I'm wondering if there's a place we could pool knowledge from experience
Various Google Groups are good for that, though I don't know if any are directly applicable to Java-GAE yet -- my GAE experience so far is all-Python (I'm kind of proud to say that Guido van Rossum, inventor of Python and now working at Google on App Engine, told me I had taught him a few things about how his brainchild worked -- his recommendation mentioning that is now the one I'm proudest, on amongst all those on my linkedin profile;-). [I work at Google but my impact on App Engine was very peripheral -- I worked on "building the cloud", cluster and network management SW, and App Engine is about making that infrastructure useful for third party developers].
There are indeed many essays & presentations on how best to denormalize and shard your data for optimal GAE scaling and performance -- they're of varying quality, though. The books that are out so far are so-so; many more are coming in the next few months, hopefully better ones (I had a project to write one of those, with two very skilled friends, but we're all so busy that we ended up dropping it). In general, I'd recommend the Google I/O videos and the essays that Google blessed in its app engine site and blogs, PLUS every bit of content from appenginefan's blog -- what Guido commended me for teaching him about GAE, I in turn mostly learned from appenginefan (partly through the wonderful app engine meetup in Palo Alto, but his blog is great too;-).
I played around with Google App Engine for Java and found that it had many shortcomings:
This is not general purpose Java application hosting. In particular, you do not have access to a full JRE (e.g. cannot create threads, etc.) Given this fact, you pretty much have to build your application from the ground up with the Google App Engine JRE in mind. Porting any non-trival application would be impossible.
More pertinent to your datastore questions...
The datastore performance is abysmal. I was trying to write 5000 weather observations per hour -- nothing too massive -- but I could not do it because I kept on running into time out exception both with the datastore and the HTTP request. Using the "low-level" datastore API helped somewhat, but not enough.
I wanted to delete those weather observation after 24 hours to not fill up my quota. Again, could not do it because the delete operation took too long. This problem in turn led to my datastore quota filling up. Insanely, you cannot easily delete large swaths of data in the GAE datastore.
There are some features that I did like. Eclipse integration is snazzy. The appspot application server UI is a million times better than working with Tomcat (e.g. nice views of logs).
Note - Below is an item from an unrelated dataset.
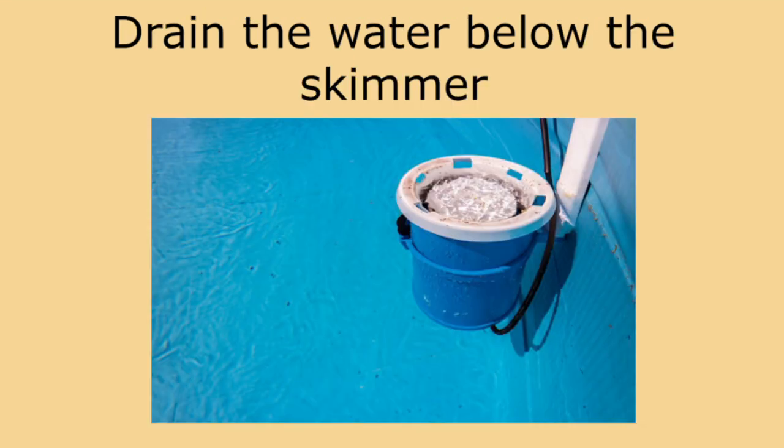Number four: drain the water below the skimmer. Return lines are much lower than the skimmers and can be plugged with a winterizing plug. You don't want to drain the water too low because it may cause the liner to shrink or the ground beneath your pool to shift.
But the minuses far outweighed those benefits for me.
In sum, I constantly found myself having to shave the yak, in order to do something that would have been pretty trivial in any normal Java / application hosting environment.
The timeouts are tight and performance was ok but not great, so I found myself using extra space to save time; for example I had a many-to-many relationship between trading cards and players, so I duplicated the information of who owns what: Card objects have a list of Players and Player objects have a list of Cards.
Normally storing all your information twice would have been silly (and prone to get out of sync) but it worked really well.
In Python they recently released a remote API so you can get an interactive shell to the datastore so you can play with your datastore without any timeouts or limits (for example, you can delete large swaths of data, or refactor your models); this is fantastically useful since otherwise as Julien mentioned it was very difficult to do any bulk operations.
The non relational database design essentially involves denormalization wherever possible.
Example: Since the BigTable doesnt provide enough aggregation features, the sum(cash) option that would be in the RDBMS world is not available. Instead it would have to be stored on the model and the model save method must be overridden to compute the denormalized field sum.
Essential basic design that comes to mind is that each template has its own model where all the required fields to be populated are present denormalized in the corresponding model; and you have an entire signals-update-bots complexity going on in the models.